Victorian Art in Britain

Obituary - Edwin Long R.A.
1829 -1891

The Times Saturday May 6th 1891

The epidemic has claimed another notable victim in Mr Edwin Long RA, who, we regret to announce, died last night at his home at Netherhall-gardens, Hampstead, from pneumonia, the, the result of a short but exceptionally severe attack of influenza. By his death the Royal Academy loses one of its members, and the public an artist whose work, though it failed to reach the highest excellence, was sometimes learned and always popular.

Like many other painters, Mr Long sought subjects for the most part in scenes illustrative of Oriental and classical antiquity. Egyptian priests, Babylonian slaves, Assyrian lion-hunters, and Roman Catholics lived and moved in his canvases, and in the many engravings produced from them, with considerable dramatic power, and archaeological accuracy. The picturesqueness of such subjects was indisputable, and Mr Long frequently had the good fortune to find his work prominent among what are called the "pictures of the year." The "Babylonian Marriage Market" which illustrates Herodius's descriptions of the purchase and portioning of Babylonian maidens was one of Mr Long's earliest and best successes. It was painted in 1875, and was followed two years afterwards by the "Egyptian Feast" which has, perhaps, not achieved an equal popularity.
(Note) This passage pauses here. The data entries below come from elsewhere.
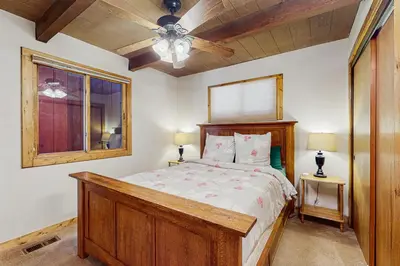 a bedroom with a bed and a ceiling fan at Seclusion in Style in Truckee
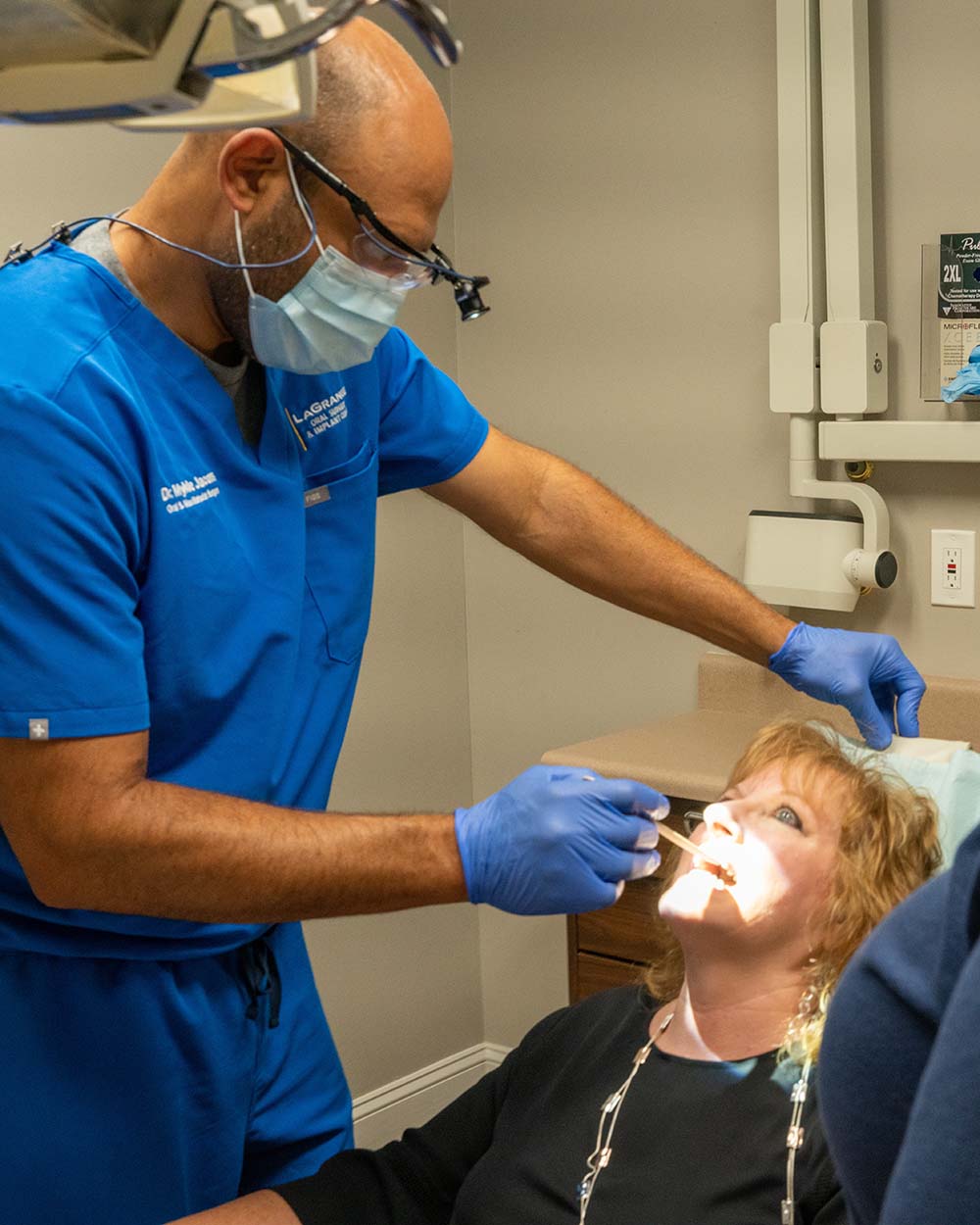 Dr. Mykle Jacobs examines a patient's mouth at LaGrange Oral Surgery and Implant Center.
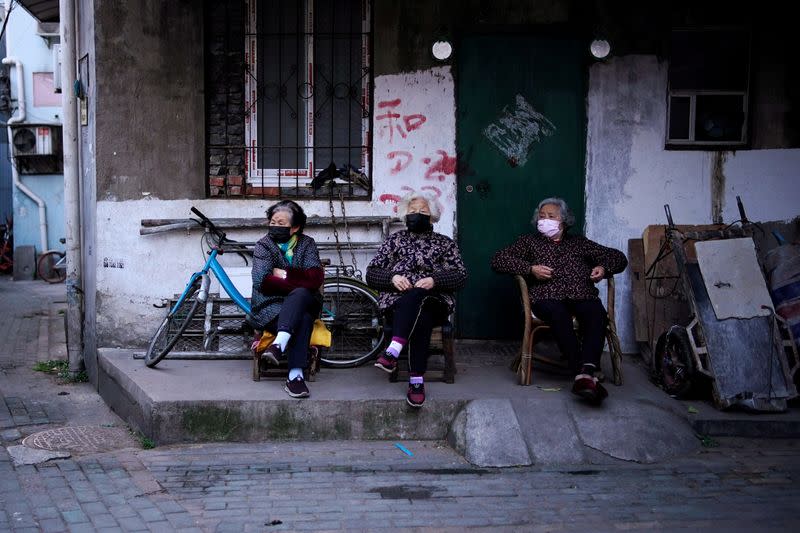 Residents wearing face masks are seen at a blocked residential area after the lockdown was lifted in Wuhan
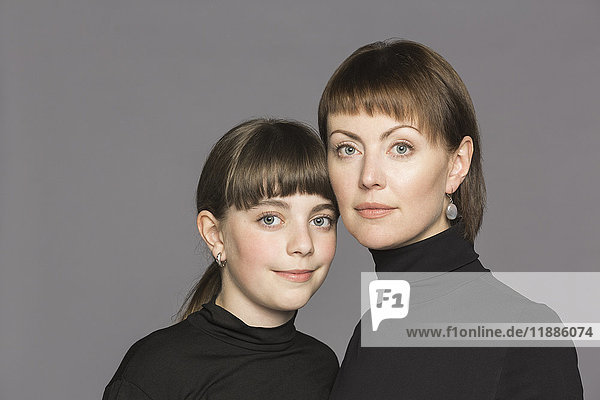Portrait of mother and daughter wearing turtleneck against gray background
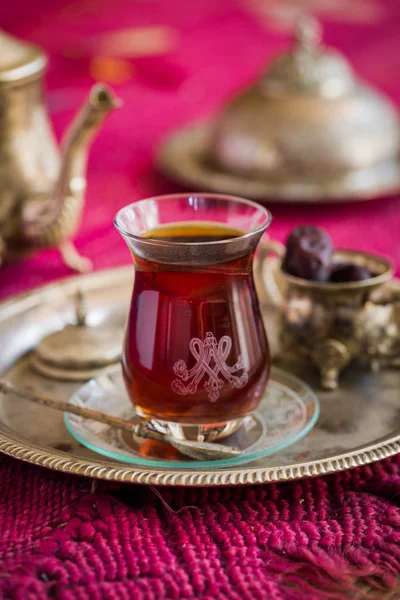 Tea set in oriental style in pear shaped glass with vintage kettle and dates fruit — Stock Photo, Image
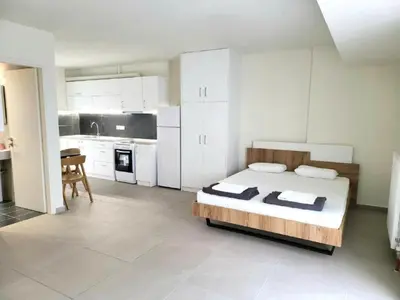 a large white bedroom with a bed and a kitchen at Elysee apartment 7 in Athens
Among Mr Long's non too numerous later works should be mentioned "Anno Domini" 1883, "Diana or Christ" 1881, "Pharoah's Daughter in 1886; neither of which is as impressive as his more important and earlier performances.

Mr Long, who was born in 1829 was chosen as an Academician in 1881. He was present at the annual dinner a fortnight ago in excellent health, and is represented in the present exhibition of the Academy by a graceful portrait. It should be added that Mrs Long and Miss Long are also seriously ill with influenza.


The Art Journal 1891

By the death of Mr Edwin Long RA., which occurred through influenza on the 15 May, the Royal Academy lost one who ranked amongst the most popular of its members in the eyes of the majority of the vast public which now interests itself in matters of Art. 

The son of an artist, and born in Bath in the year 1828, Edwin Long was painting portraits and an exhibitor before he was sixteen, and his first picture was hung at the Royal Academy in 1855. It was not, however, until twenty year afterwards that he was elected to an Associateship, but in consequence of the important works which he thereupon exhibited, he was quickly advanced to the rank of a full member, the honour coming to him in 1881. 

Opinions as to his status as an artist differ very materially; to the large mass of the populace he was a great artist, for independently of his painting religious pictures, which are still most popular, and in spite of his wrapping up his  subject in a vast amount of erudition, his work almost always contained a keynote of interest, which not only fastened itself on the memory, but sometimes even engrossed attention to an altogether unexpected extent; an instance of this occurred in his “Diana or Christ,” which was in consequence extraordinarily popular. 

Then, again, Mr Long was exceptionally fortunate from a monetary point of view, owing to mere accident. It happened that his most notable work, “The Babylonian Marriage Market,” was put up for sale in 1882, just at the moment when Mr Holloway was forming his collection of pictures, and was buying regardless of price : this work sold for 6,300 guineas, the largest price which had ever been paid under the hammer for the work of a living British artist. Henceforward he was able to put high prices on his productions, and it was evidently the means of his building a very handsome dwelling at Hampstead, which he has only lived to enjoy for a very short while. 

He was a remarkably strong man, never having suffered a day’s illness, and this caused a neglect of ordinary precautions and of the sickness when it first seized him, which brought about the fatal result. 

In addition to those before mentioned, his most notable works were “The Egyptian Feast,” “The Pool of Bethesda,” “The Gods and their Makers,” and one or two pictures which have no been shown in public but at the Dore Galley in Bond Street, where, since the death of that artist, most of his productions have been shown.

 

My Comments

Edwin Long was a considerable figure in the English art world during his lifetime, his work frequently being compared with that of Frederic Leighton PRA. Following his sudden death, his reputation virtually disappeared, long before Victorian art became unfashionable and despised.

The house Long had built in Hampstead became known as Severn House. Just before the First World War the house was purchased by Sir Edward Elgar (1857-1934), the leading English orchestral composer of the day. Elgar regarded composers as far more significant artists than painters, and much resented the greater earning power of the latter. He would have enjoyed the irony of his buying and living in Long’s house.